Early studies with the first generation of molecular markers indicated the presence of duplicated loci on the genetic maps of various cereals, suggesting ancestral genome duplications and polyploidization events in the history of species that are now considered as diploids (1
). In rice (i) restriction fragment length polymorphism mapping performed in the nineties suggested that chromosomes 1 and 5 (2
) as well as chromosomes 11 and 12 (3
) were ancient duplicates and (ii) comparative genomics studies on the sequence level also suggested ancient polyploidy in rice (4–6
). The release of genome sequence drafts from japonica
rice subspecies allowed whole genome sequence comparisons and further characterization of duplications in rice (7–11
). The most recent analysis (11
) concluded that a whole-genome duplication event (involving 10 chromosome-to-chromosome duplication relationships) predated the divergence of cereal genomes 53–94 million years ago, while a more recent, independent duplication event between rice chromosomes 11 and 12 occurred 21 million years ago. Together, these duplications cover 65.7% of the genome. The identification of 163 or even 319 duplicated blocks in the rice genome has recently been published by Lin et al.
) and Wang et al.
), respectively. Unfortunately, many of these studies were based on low-stringency sequence alignment criteria, such as the direct use of pairwise sequence alignment information through BLAST expect or score values, and did not take into account the density and location of genes to identify precisely the structure and evolution of paralogous regions. Because it is difficult to infer paralogous relationships from sequence comparisons, expertized alignment criteria and statistical validation are required to (i) evaluate objectively and accurately whether the association between two or more genes in the same order on two chromosome segments occurs by chance or truly reflects duplications; (ii) eliminate the presence of massive background noise linked to the identification of artefactual paralogs necessary to produce a unique view of the duplicated nature of the rice genome from either 10 (11
), 163 (12
) or 319 (13
) duplicated regions.
Recently, we have reassessed the duplicated nature of the rice genome based on a combination of (i) new alignment criteria that increase analysis stringency and (ii) statistical tests to re-define interchromosomal duplications (14
). We identified 29 rice duplications covering 72% (267
Mb) of the genome with an average density of one gene every 0.8 Mb involved in the duplications. Ten of the 29 duplications were those previously reported in the literature (11
) covering 47.8% of the rice genome. The remaining 19 duplicated blocks associated with 539 paralogous gene pairs were newly identified in the study. Moreover, the identification of seven paleo-duplicated blocks (among the 29) shared with the wheat, maize and sorghum genomes allowed us to propose a model in which grass genomes have evolved from a common ancestor with a basic number of five chromosomes, by whole genome and segmental duplications, chromosome fusions and translocations.

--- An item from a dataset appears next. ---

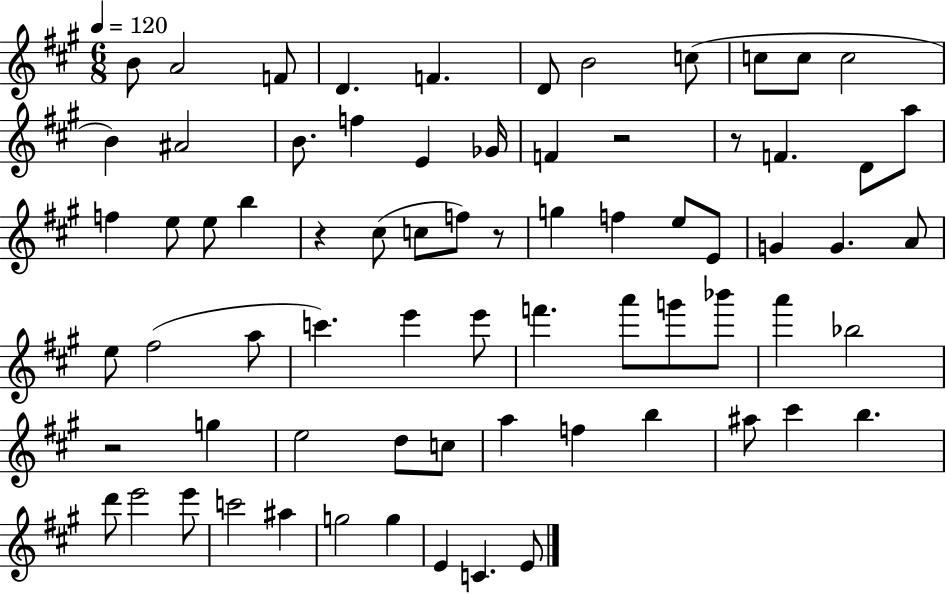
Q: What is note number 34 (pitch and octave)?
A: G4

Gene duplication generates functional redundancy followed by either pseudogenization (i.e. unexpressed or functionless paralog), concerted evolution (i.e. conservation of function for paralog), subfunctionalization (i.e. complementary function of paralog) and neofunctionalization (i.e. novel function of paralog) during the course of genome evolution. Functional divergence either by subfunctionalization or neofunctionalization among duplicated genes is one of the most important sources of evolutionary innovation in complex organisms. Recent studies suggested that a majority of duplicated genes that are structurally retained during the evolution have at least partially diverged in their function (15
). These studies were based either on (i) systematic studies of the changes in protein sequences through the estimates of synonymous (Ks) or non-synonymous (Ka) substitution per site between paralogs or (ii) the analysis of the timing, location and relative number of gene transcripts available in public expressed sequence tag (EST) databases. However, these approaches are only indirectly related to gene expression as it is generally assumed that (i) variation in substitution rate is not related to variation in the rate of expression divergence (17
) and (ii) estimation of the level, location and timing of gene expression based on the available EST are limited to the type of cDNA libraries available, and these are not representative of all the spacial and temporal conditions of plant development. Recent micro-array studies in Arabidopsis clearly demonstrated that the vast majority of duplicated genes diverged in their expression profile (18–20
). Ganko et al.
) conclude that ~70% of gene pairs show asymmetric divergence based on micro-array data. Blanc et al.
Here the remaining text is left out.